■ Brief
Skip the pictures and give back the rest of the listing exactly.

■ Collected material
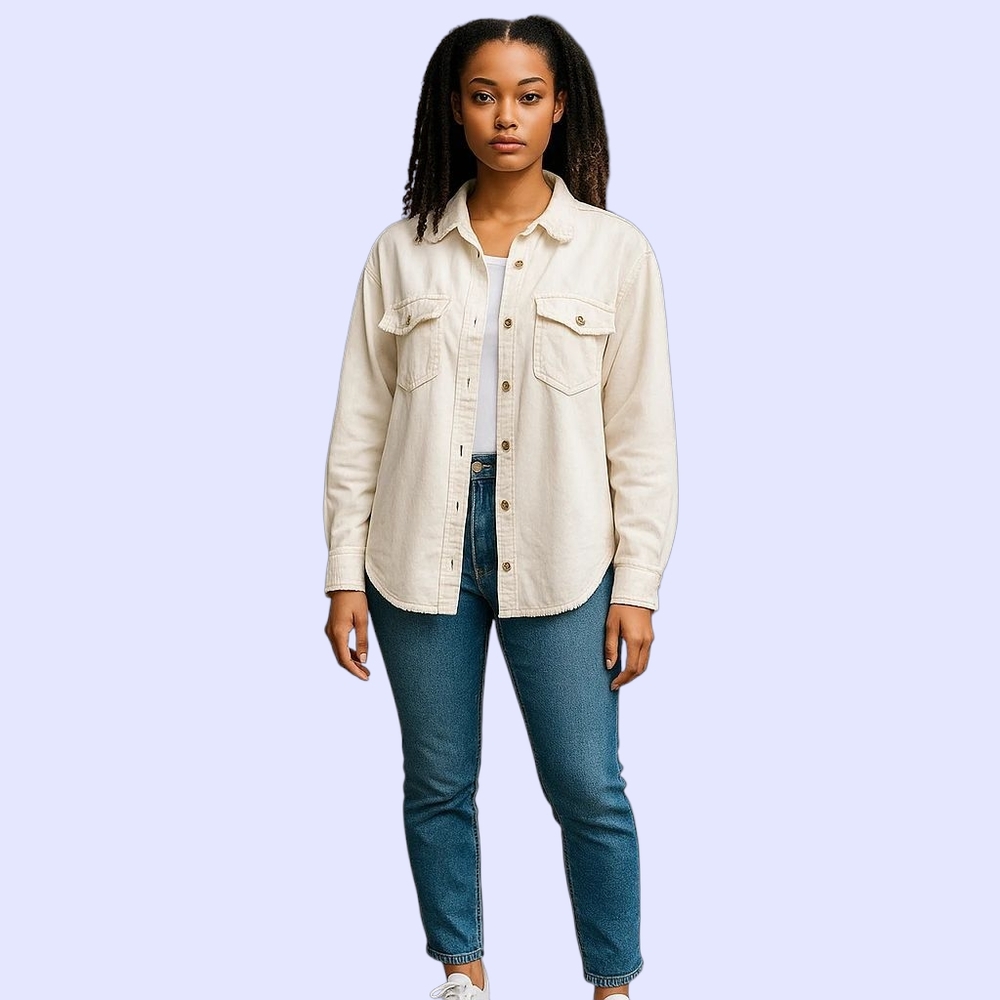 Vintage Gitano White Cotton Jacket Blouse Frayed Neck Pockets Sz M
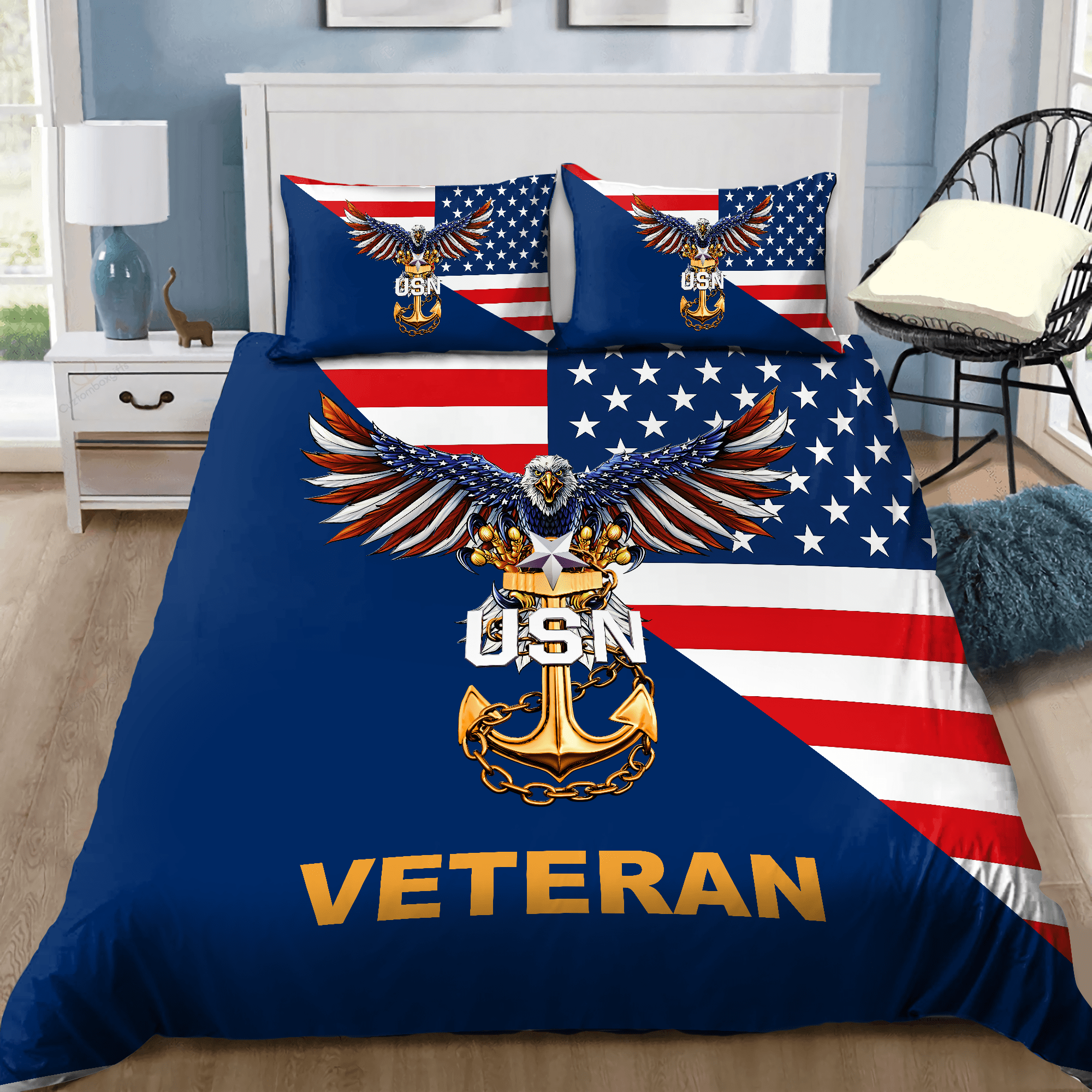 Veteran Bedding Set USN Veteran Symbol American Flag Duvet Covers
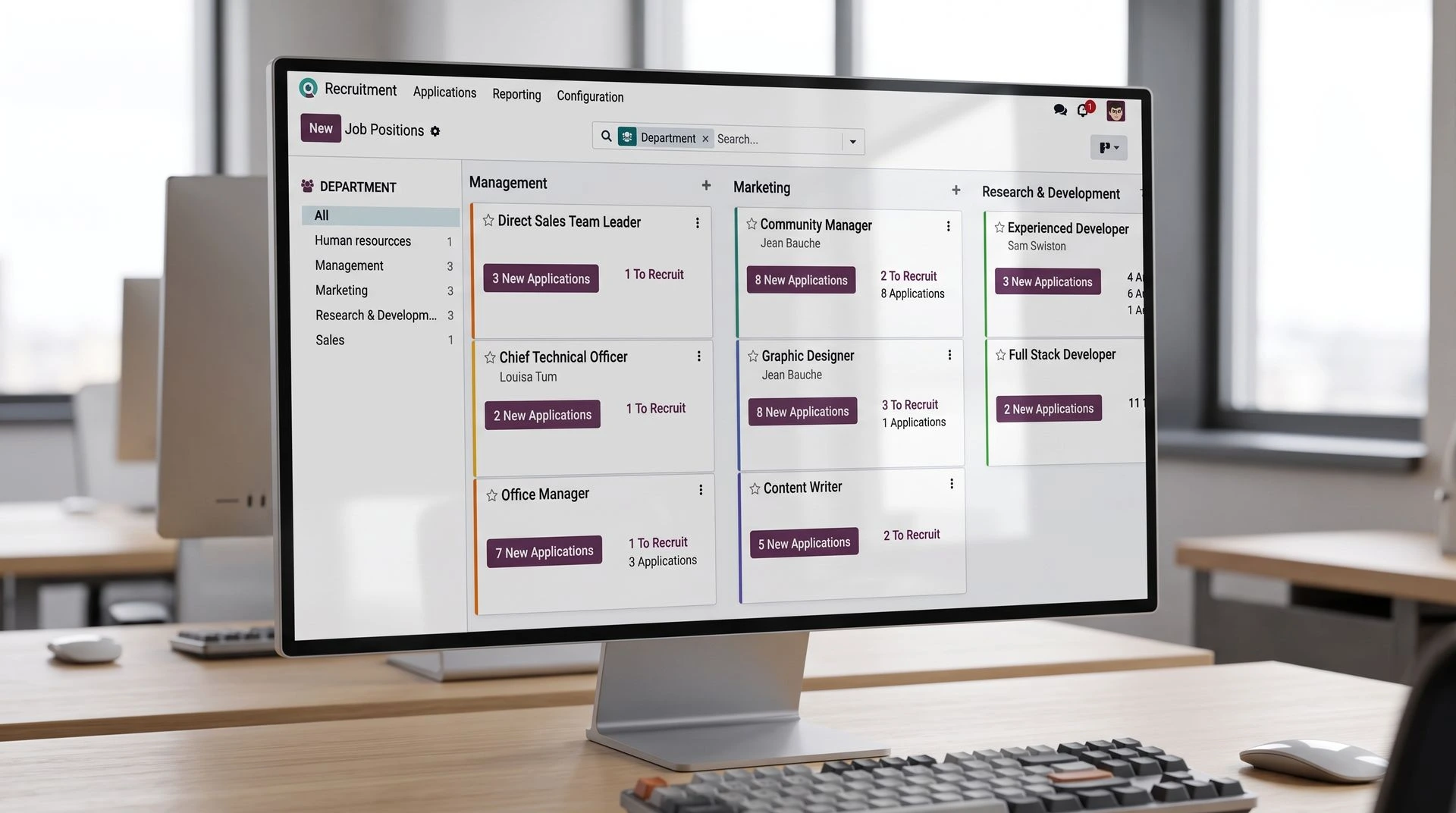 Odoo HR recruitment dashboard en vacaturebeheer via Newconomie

■ Solution to this exercise
 Vintage Gitano White Cotton Jacket Blouse Frayed Neck Pockets Sz M
 Veteran Bedding Set USN Veteran Symbol American Flag Duvet Covers
 Odoo HR recruitment dashboard en vacaturebeheer via Newconomie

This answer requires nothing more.